LISTED ENTRIES START

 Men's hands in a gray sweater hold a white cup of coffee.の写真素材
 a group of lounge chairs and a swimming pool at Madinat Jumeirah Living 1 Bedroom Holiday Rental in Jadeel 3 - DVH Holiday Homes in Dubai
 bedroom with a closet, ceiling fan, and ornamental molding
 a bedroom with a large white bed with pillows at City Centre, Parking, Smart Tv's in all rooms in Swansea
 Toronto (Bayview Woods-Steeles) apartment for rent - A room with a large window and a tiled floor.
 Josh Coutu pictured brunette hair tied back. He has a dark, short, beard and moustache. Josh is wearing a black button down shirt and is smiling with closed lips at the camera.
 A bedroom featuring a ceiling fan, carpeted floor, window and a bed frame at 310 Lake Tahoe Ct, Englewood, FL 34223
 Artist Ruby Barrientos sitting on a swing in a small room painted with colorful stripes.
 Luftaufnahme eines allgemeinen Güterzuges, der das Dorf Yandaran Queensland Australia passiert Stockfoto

LISTED ENTRIES END
LISTED ENTRIES START

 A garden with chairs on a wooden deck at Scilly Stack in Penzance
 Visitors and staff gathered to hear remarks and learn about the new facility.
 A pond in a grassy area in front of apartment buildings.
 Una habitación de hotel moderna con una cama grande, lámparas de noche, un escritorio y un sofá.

LISTED ENTRIES END
LISTED ENTRIES START

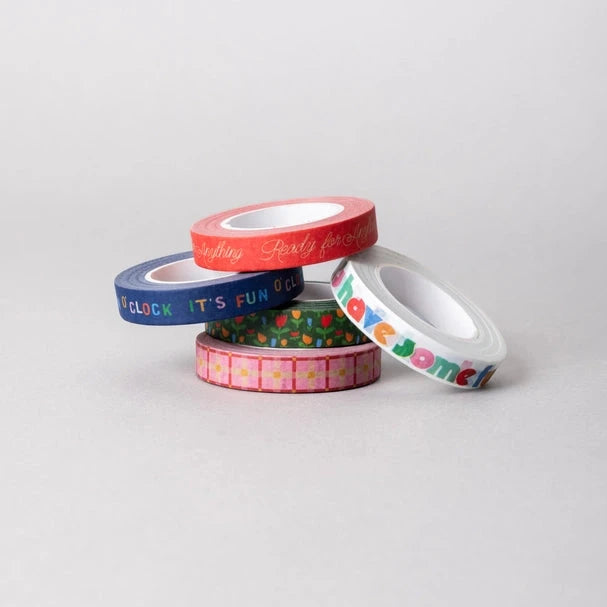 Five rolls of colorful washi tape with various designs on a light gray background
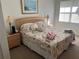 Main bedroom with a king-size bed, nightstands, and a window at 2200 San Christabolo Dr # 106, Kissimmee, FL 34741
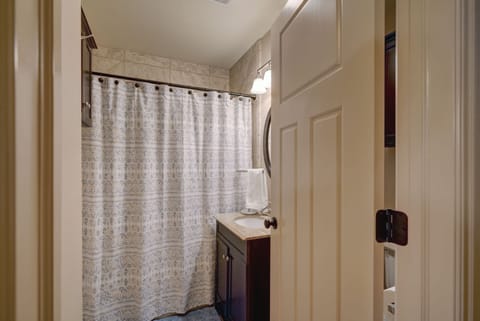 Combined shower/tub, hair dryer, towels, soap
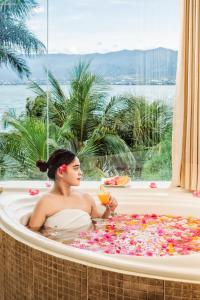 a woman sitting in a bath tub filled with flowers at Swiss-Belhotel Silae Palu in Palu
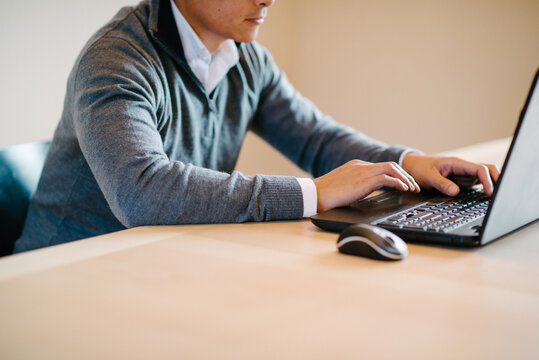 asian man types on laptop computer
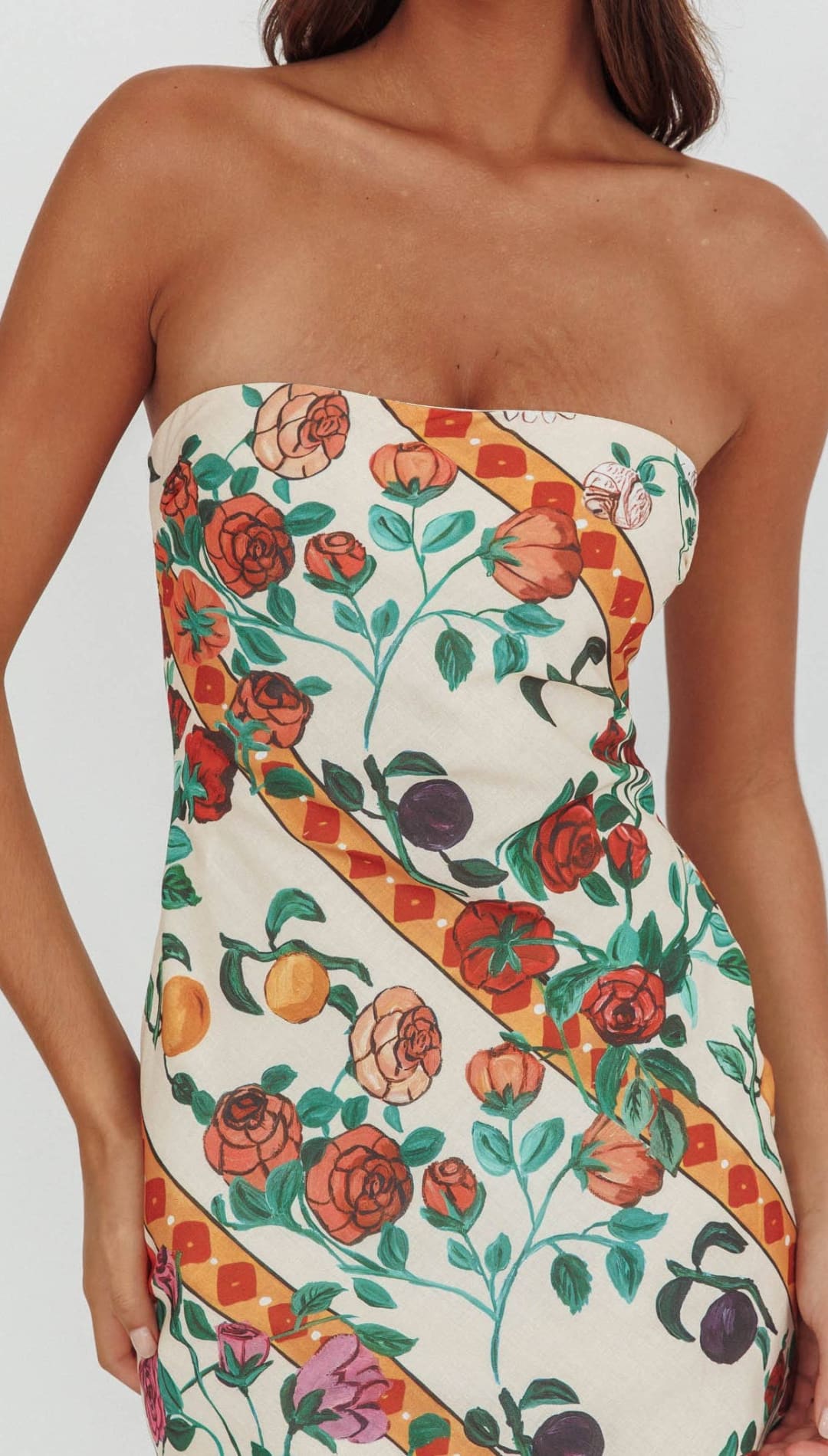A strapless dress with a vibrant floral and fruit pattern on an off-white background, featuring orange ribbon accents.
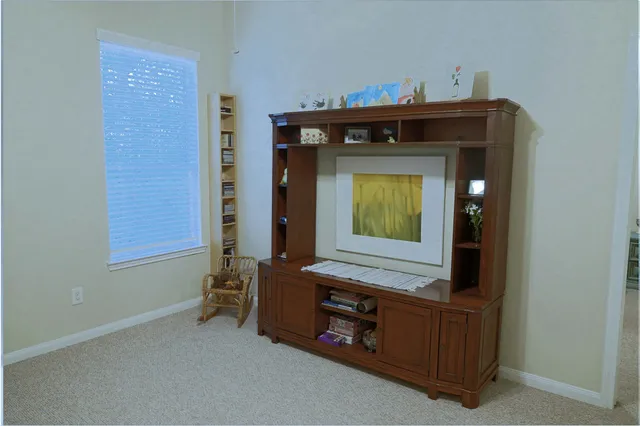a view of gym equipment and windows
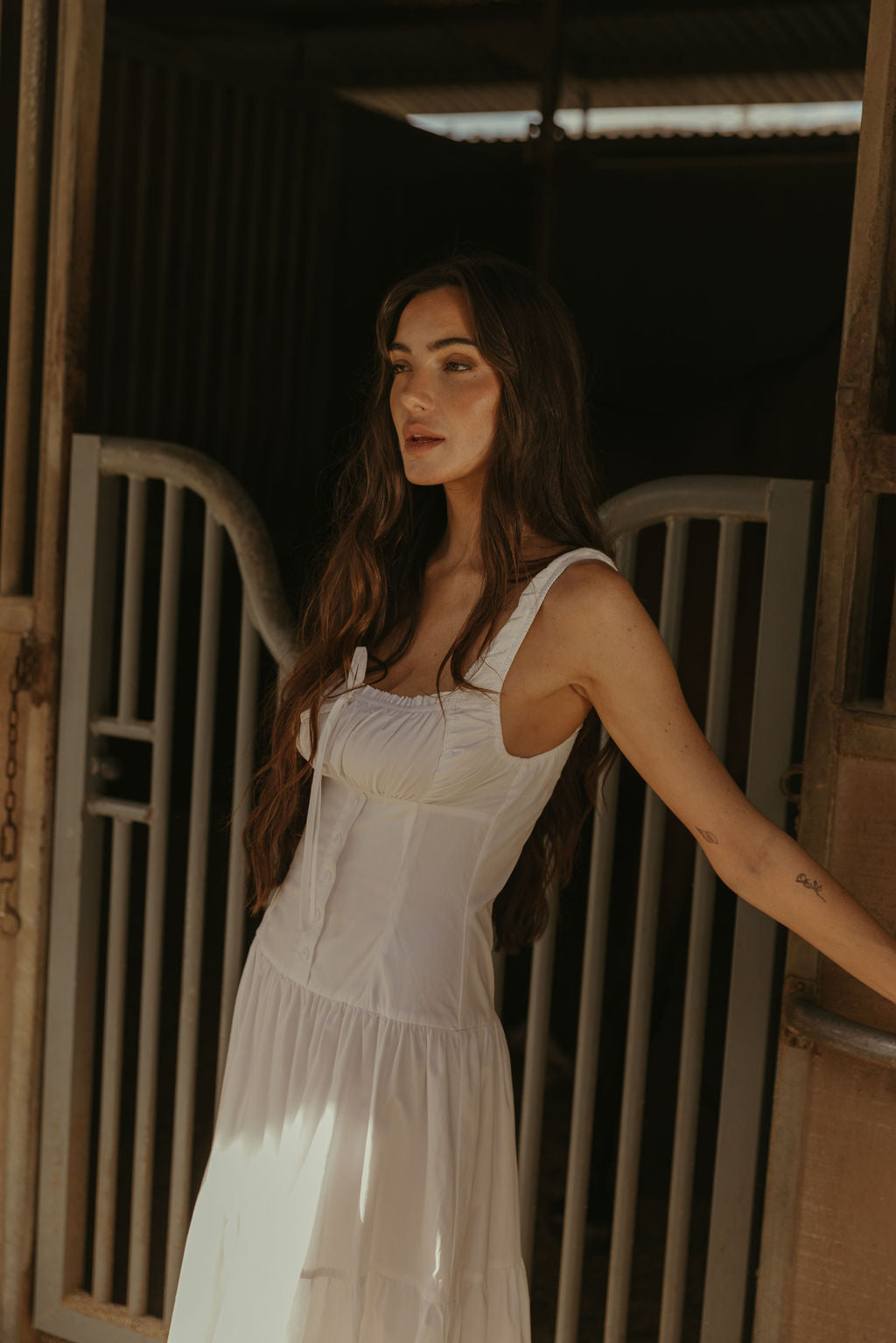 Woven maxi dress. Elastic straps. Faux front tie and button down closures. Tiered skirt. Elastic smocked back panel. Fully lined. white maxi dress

LISTED ENTRIES END

Only lines that include "chairs" belong in the answer; return them from the entries above.

 a group of lounge chairs and a swimming pool at Madinat Jumeirah Living 1 Bedroom Holiday Rental in Jadeel 3 - DVH Holiday Homes in Dubai
 A garden with chairs on a wooden deck at Scilly Stack in Penzance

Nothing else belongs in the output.